YOUR ASSIGNMENT:
Your job is to print, exactly, the lines in the data below from the line with "Colorful Beach Champagne Coupe Set" through the line with "Picture 1 of 3", both included, and to omit any picture.

[Image-text web data]

# # # # # # #

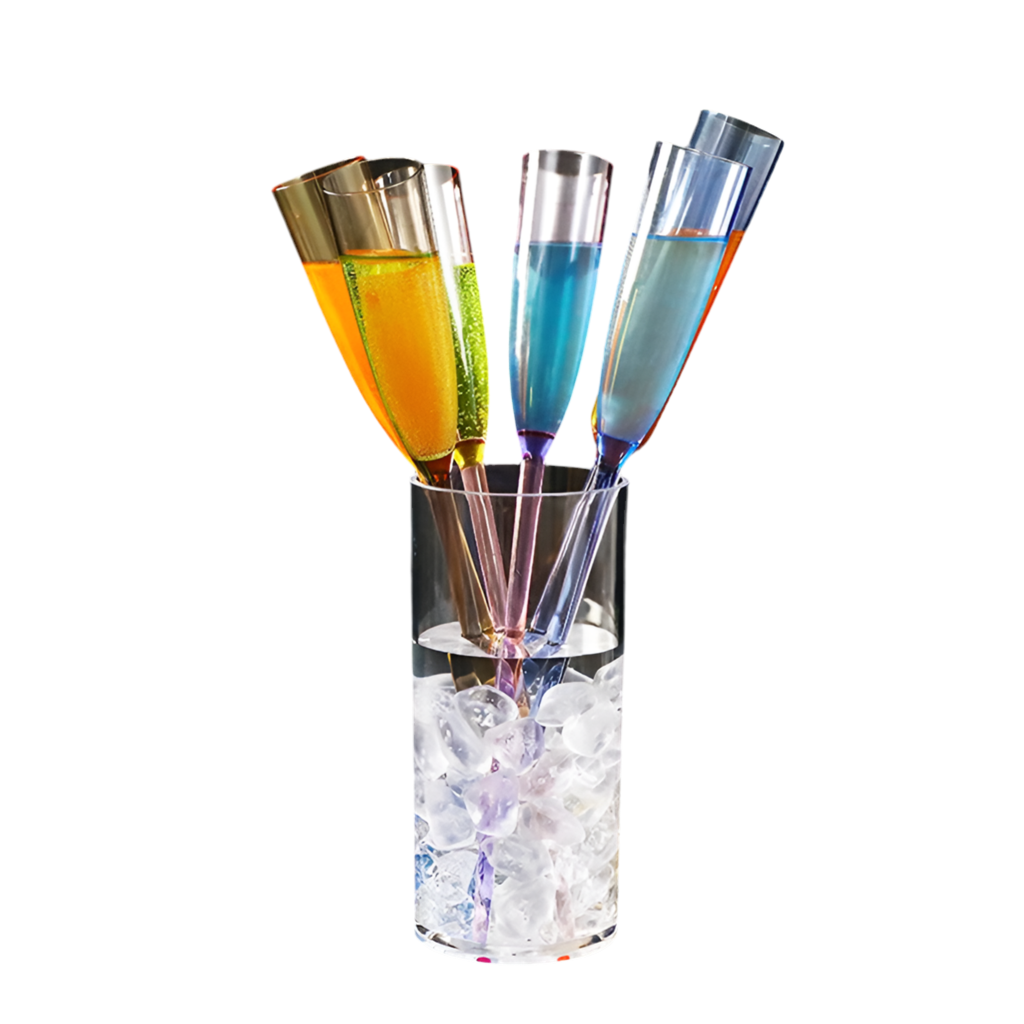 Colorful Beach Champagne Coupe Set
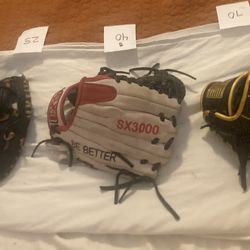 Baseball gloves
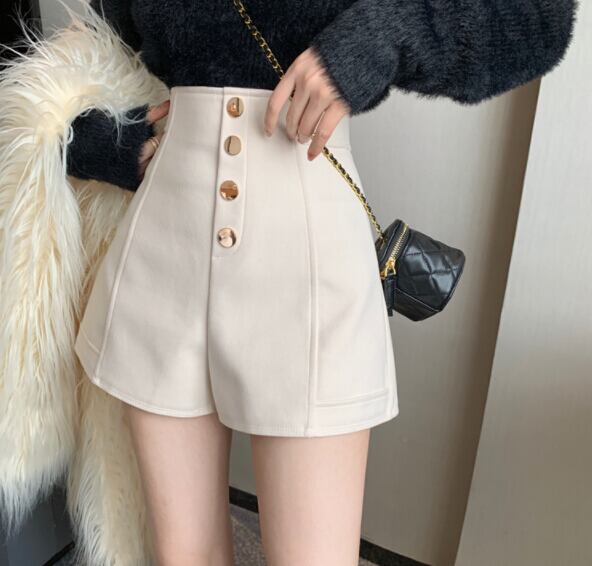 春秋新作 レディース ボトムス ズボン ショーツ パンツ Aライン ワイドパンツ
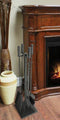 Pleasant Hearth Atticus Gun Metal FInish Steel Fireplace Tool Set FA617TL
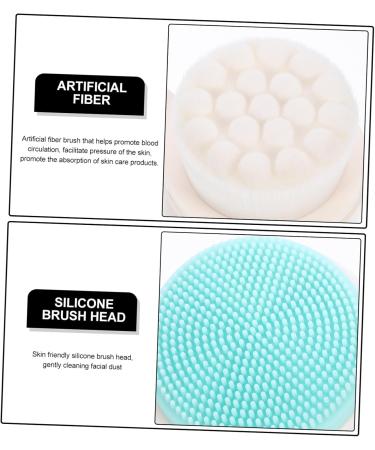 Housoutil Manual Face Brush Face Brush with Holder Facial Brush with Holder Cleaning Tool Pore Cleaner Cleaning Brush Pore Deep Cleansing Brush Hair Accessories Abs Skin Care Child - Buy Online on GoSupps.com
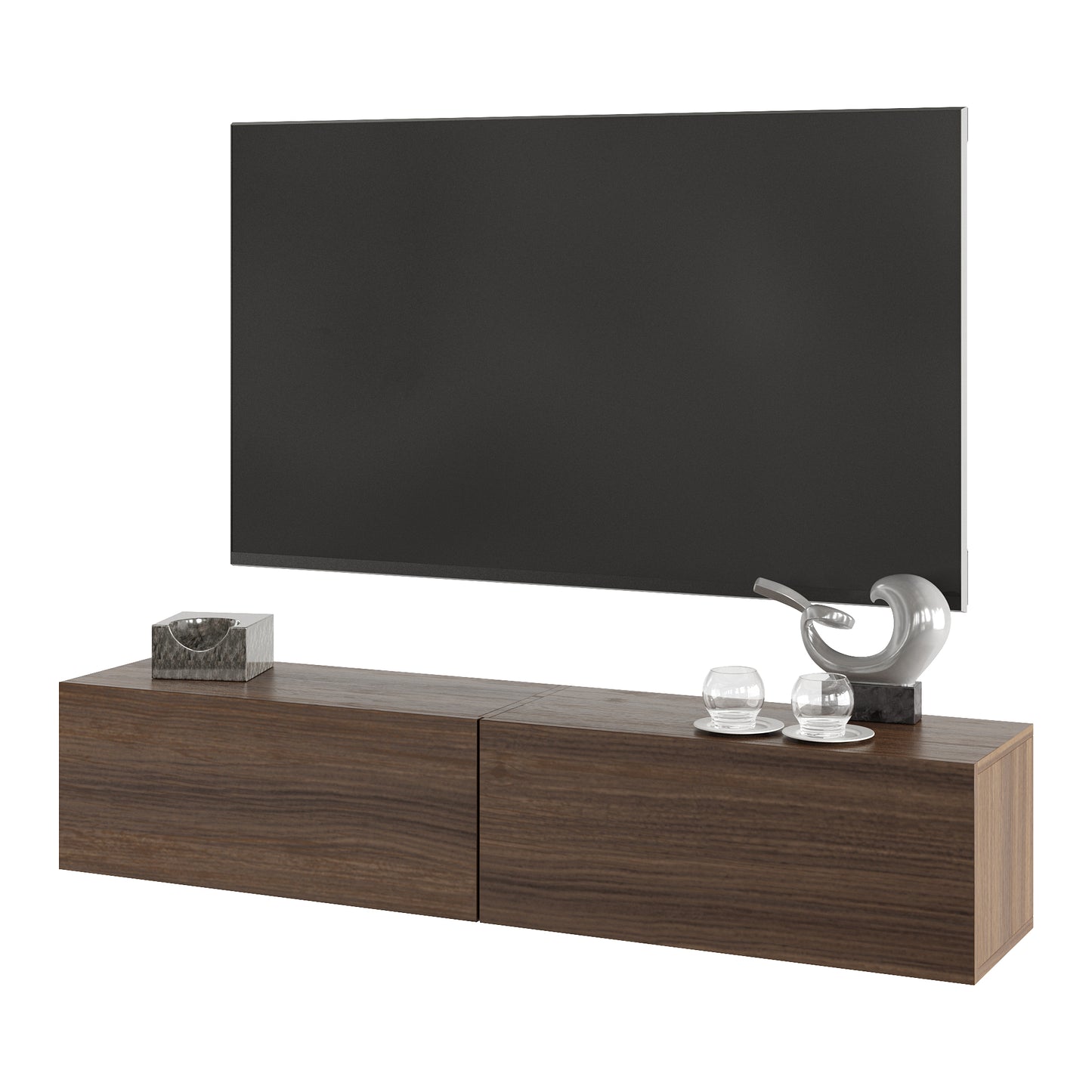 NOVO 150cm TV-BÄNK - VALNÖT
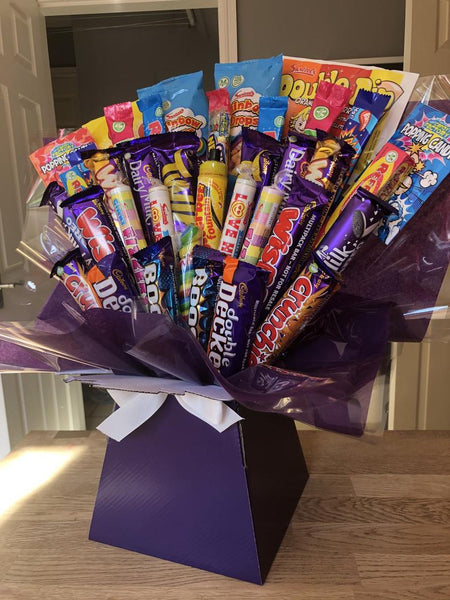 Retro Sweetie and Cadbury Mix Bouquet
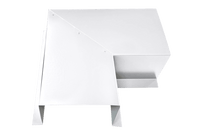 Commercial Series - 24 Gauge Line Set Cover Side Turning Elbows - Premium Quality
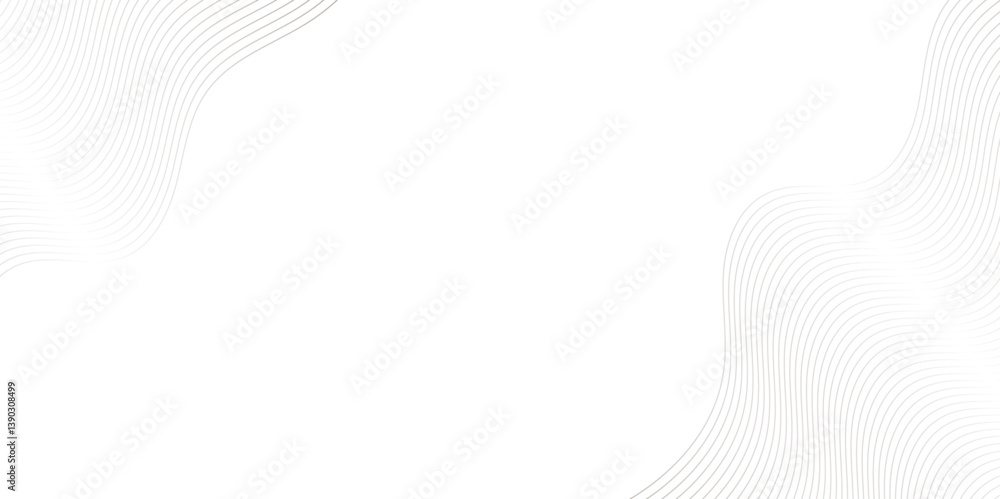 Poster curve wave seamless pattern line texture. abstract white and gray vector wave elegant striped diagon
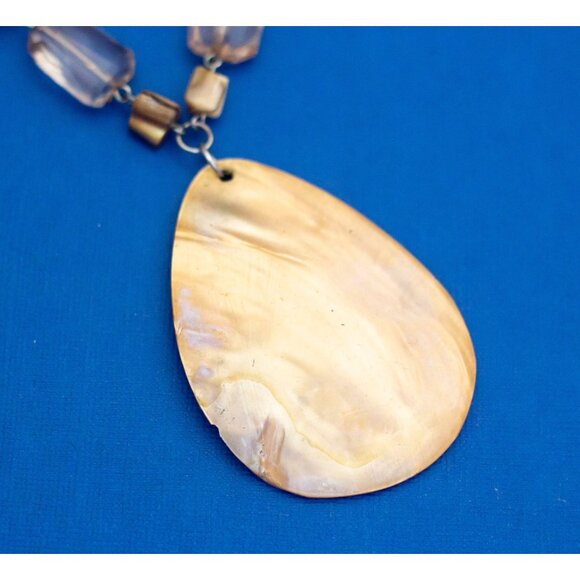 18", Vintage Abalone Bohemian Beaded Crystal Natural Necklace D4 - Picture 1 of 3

# # # # # # #

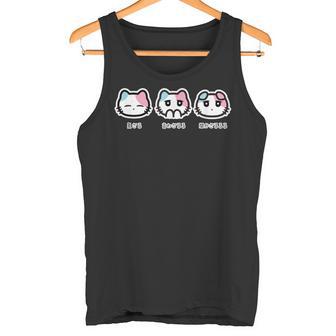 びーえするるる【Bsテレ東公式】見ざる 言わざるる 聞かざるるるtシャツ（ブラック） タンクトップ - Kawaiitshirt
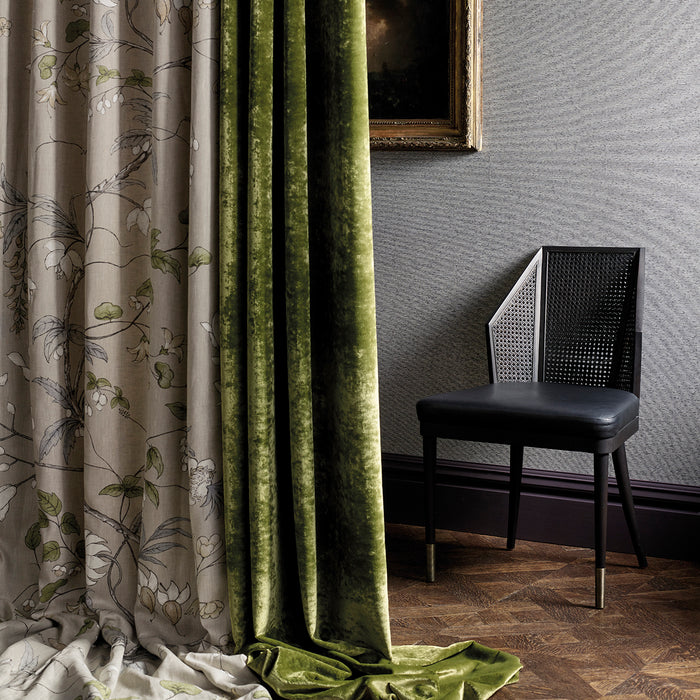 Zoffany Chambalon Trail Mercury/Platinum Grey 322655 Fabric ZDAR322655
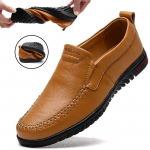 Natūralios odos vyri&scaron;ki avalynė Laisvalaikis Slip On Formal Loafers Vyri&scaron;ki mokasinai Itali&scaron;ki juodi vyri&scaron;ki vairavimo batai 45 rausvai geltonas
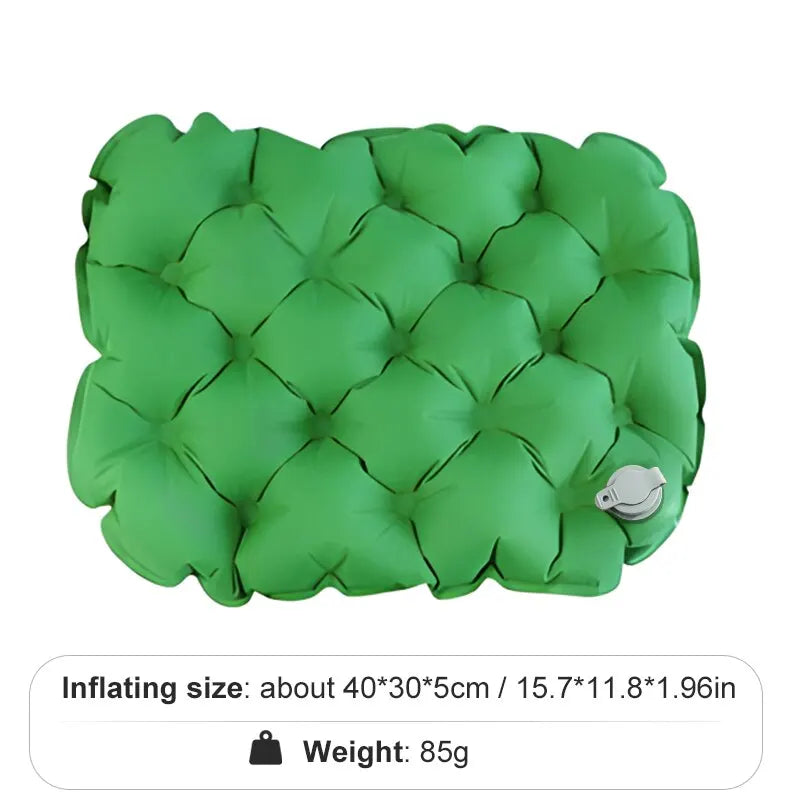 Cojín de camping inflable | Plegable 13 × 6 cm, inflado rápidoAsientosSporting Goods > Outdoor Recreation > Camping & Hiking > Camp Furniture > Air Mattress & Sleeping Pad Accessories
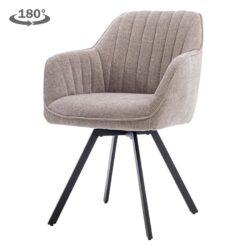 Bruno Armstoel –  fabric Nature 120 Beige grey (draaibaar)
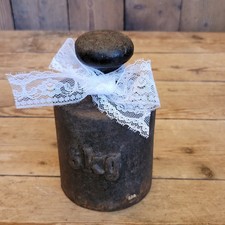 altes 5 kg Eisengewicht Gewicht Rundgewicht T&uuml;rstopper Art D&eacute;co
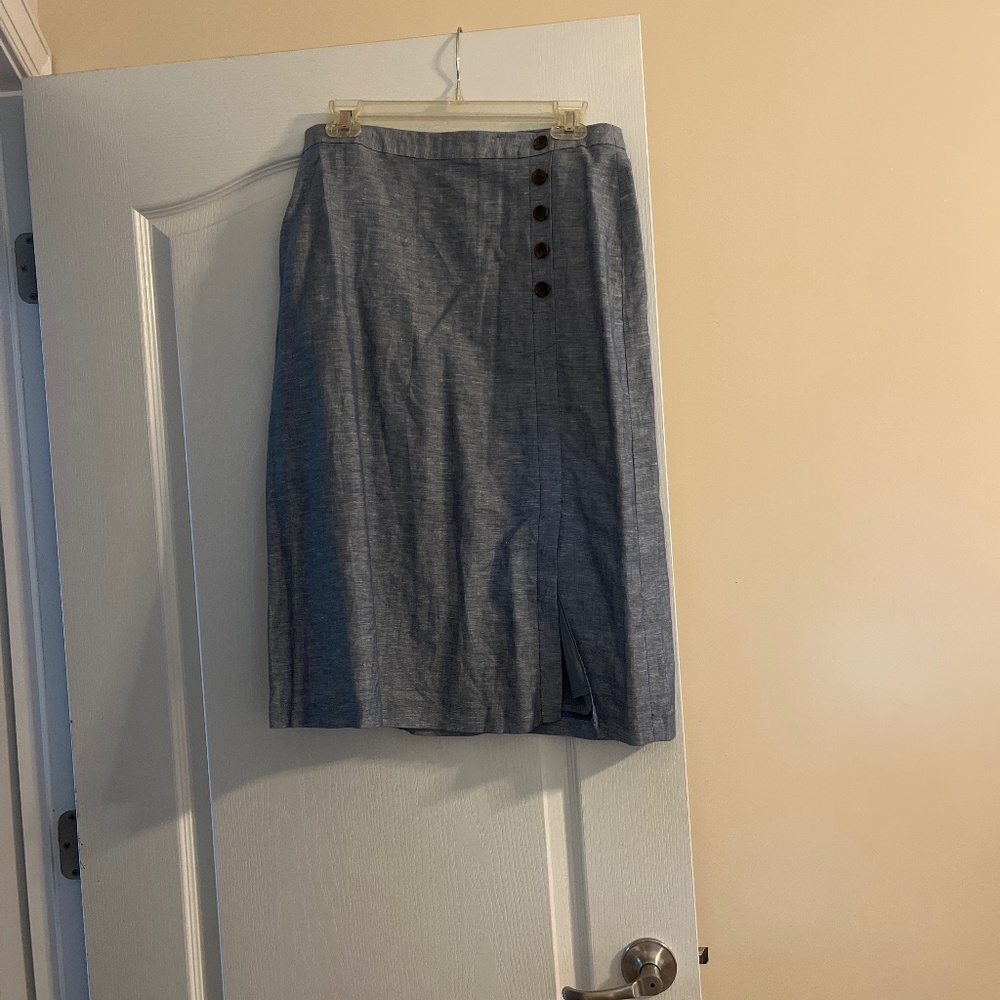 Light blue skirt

# # # # # # #

ANSWER BOX:
 Colorful Beach Champagne Coupe Set
 Baseball gloves
 春秋新作 レディース ボトムス ズボン ショーツ パンツ Aライン ワイドパンツ
 Pleasant Hearth Atticus Gun Metal FInish Steel Fireplace Tool Set FA617TL
 Housoutil Manual Face Brush Face Brush with Holder Facial Brush with Holder Cleaning Tool Pore Cleaner Cleaning Brush Pore Deep Cleansing Brush Hair Accessories Abs Skin Care Child - Buy Online on GoSupps.com
 NOVO 150cm TV-BÄNK - VALNÖT
 Retro Sweetie and Cadbury Mix Bouquet
 Commercial Series - 24 Gauge Line Set Cover Side Turning Elbows - Premium Quality
 Poster curve wave seamless pattern line texture. abstract white and gray vector wave elegant striped diagon
 18", Vintage Abalone Bohemian Beaded Crystal Natural Necklace D4 - Picture 1 of 3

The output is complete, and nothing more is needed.